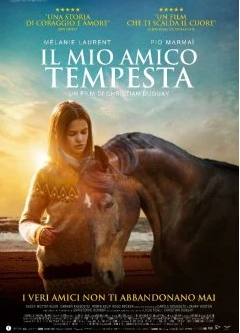 LA RINASCITA DOPO LA CADUTA. “IL MIO AMICO TEMPESTA”: IL FILM CHE INSEGNA A SUPERARE GLI OSTACOLI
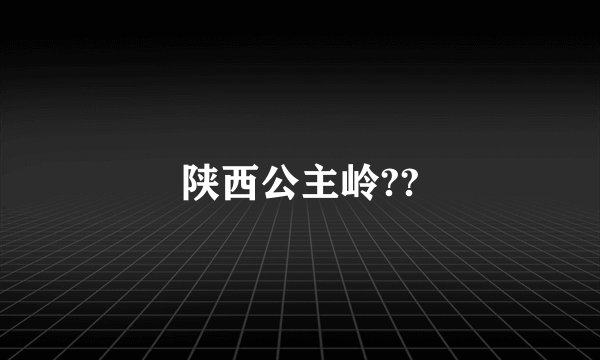 陕西公主岭??
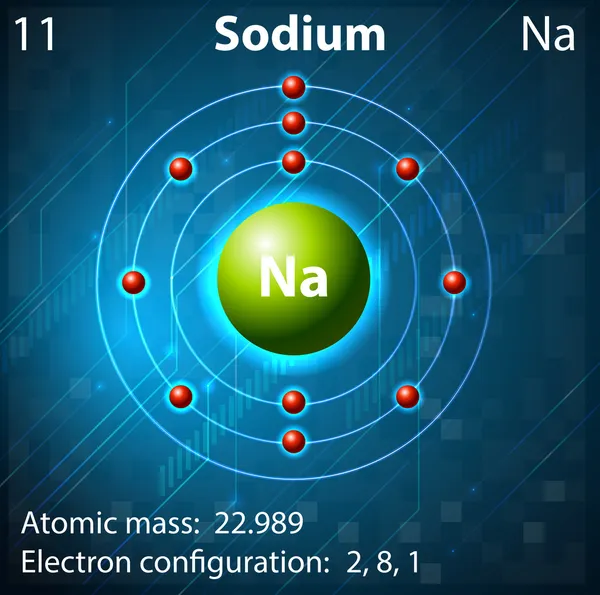 Uproszczony Model Budowy Atomu Sodu Model of an atom of sodium grafika wektorowa | Depositphotos®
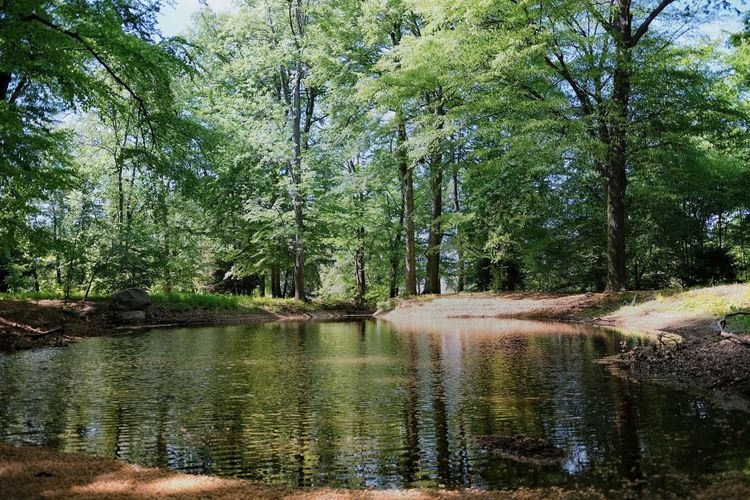 Scenic view of lake in forest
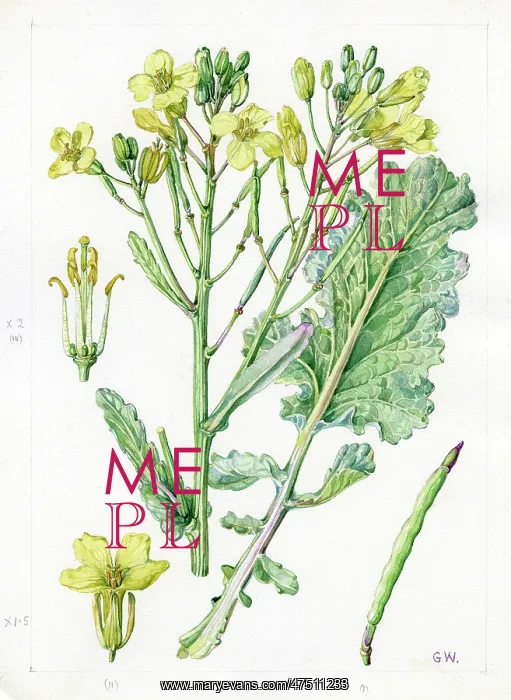 : Brassica oleracea - wild cabbage : Brassica oleracea - wild cabbage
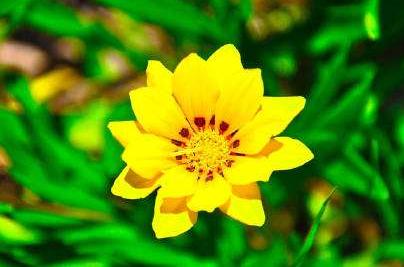 「美文鉴赏」心若相知相伴，何惧万水千山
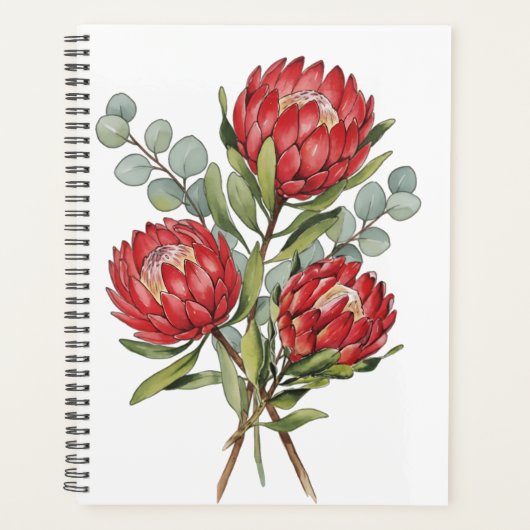 Crimson Protea Bouquet Watercolor (Devant)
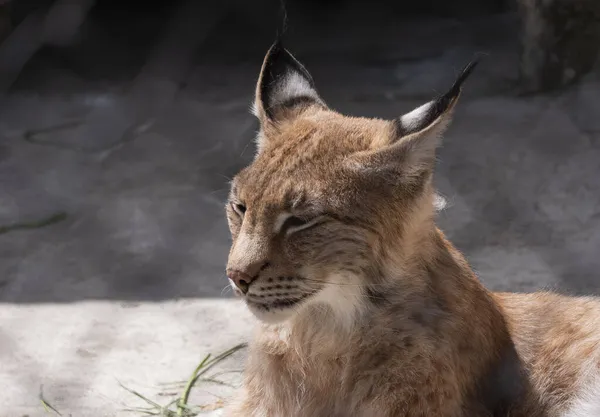 Lynx Olha Com Olhos Predatórios Abrigo — Fotografia de Stock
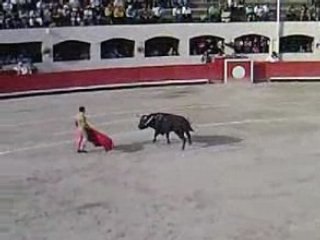 Rafaelillo Alès 2008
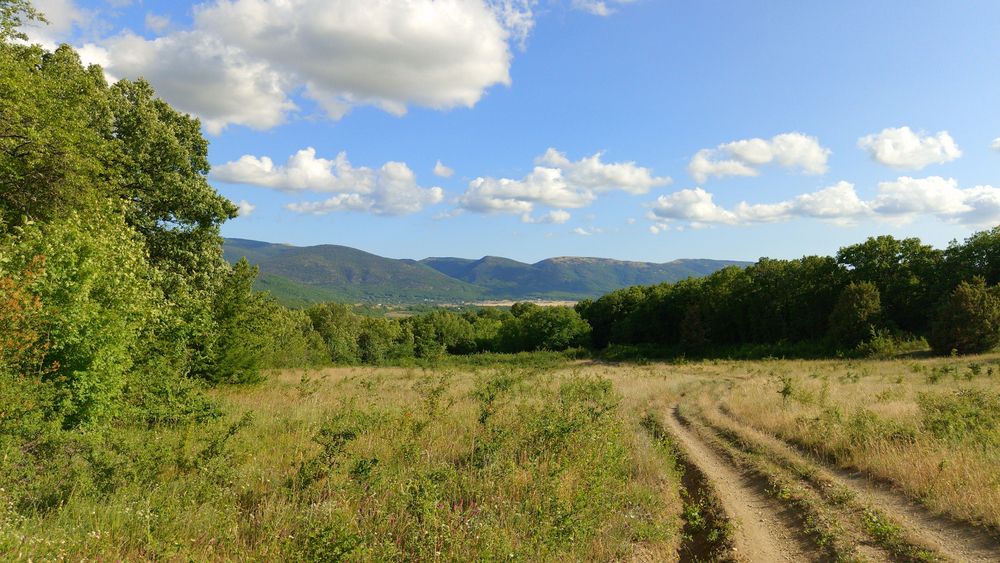 Photograph by Дмитрий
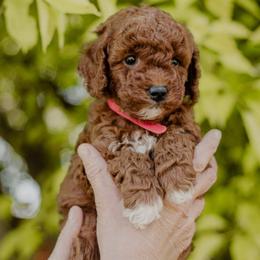 Cinnamon - Red  male Goldendoodle puppy in Patterson, California from Dooling Doodles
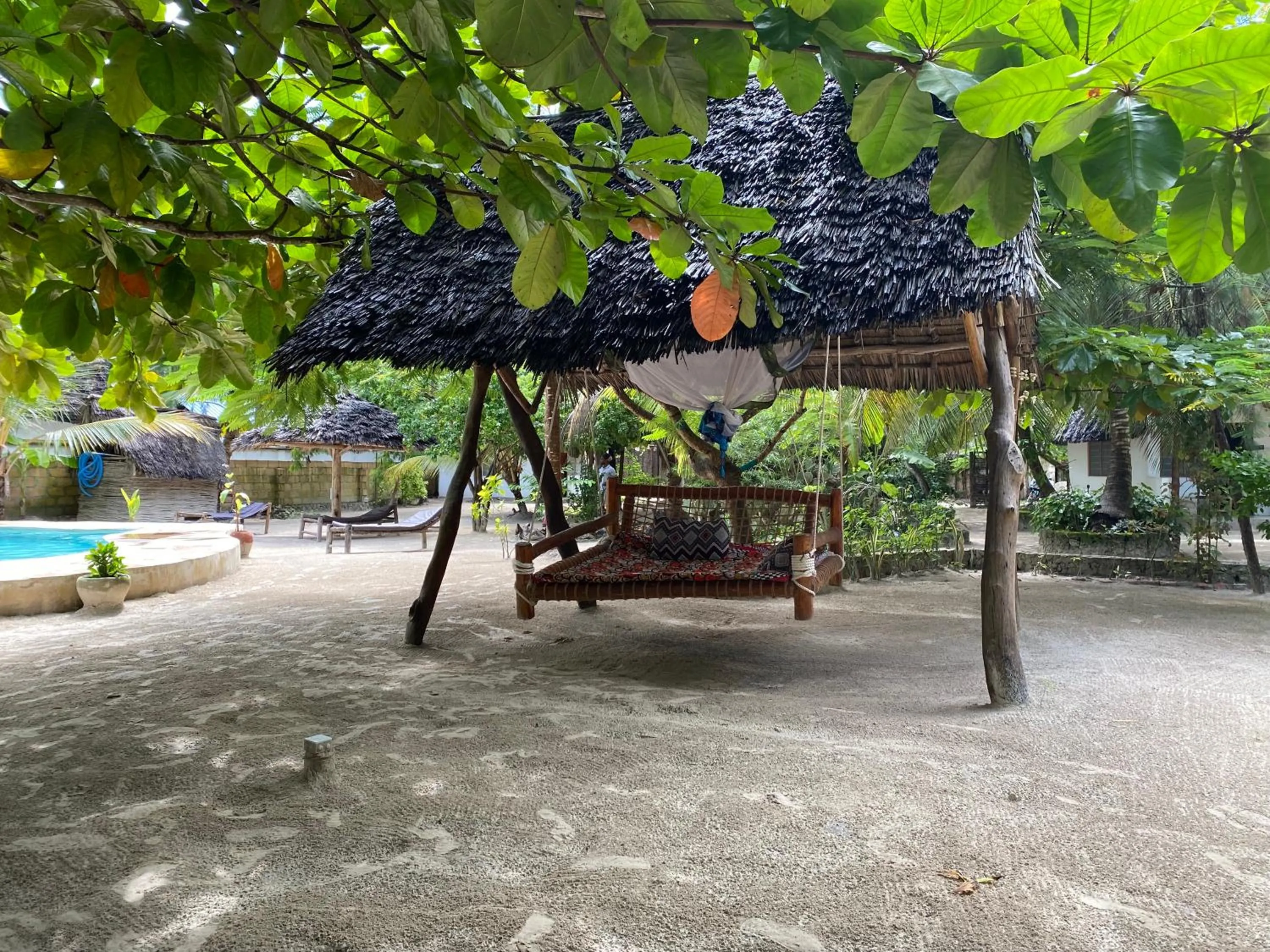 Garden in Mpole Bungalows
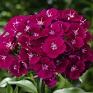 Гвоздика турецкая (Dianthus barbatus)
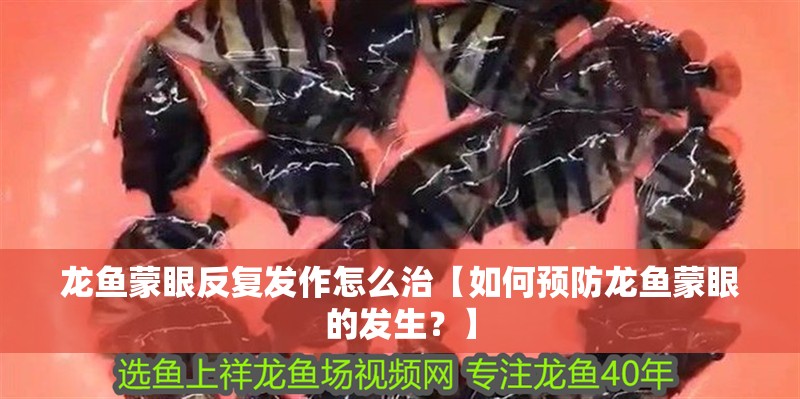 龍魚蒙眼反復發作怎么治【如何預防龍魚蒙眼的發生？】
::::::
Counting the line with "Cinnamon - Red" and the last line of the data above, transcribe those two lines and every line between them exactly, without the pictures.

Exercise answer>
 Cinnamon - Red  male Goldendoodle puppy in Patterson, California from Dooling Doodles
 Garden in Mpole Bungalows
 Гвоздика турецкая (Dianthus barbatus)
 龍魚蒙眼反復發作怎么治【如何預防龍魚蒙眼的發生？】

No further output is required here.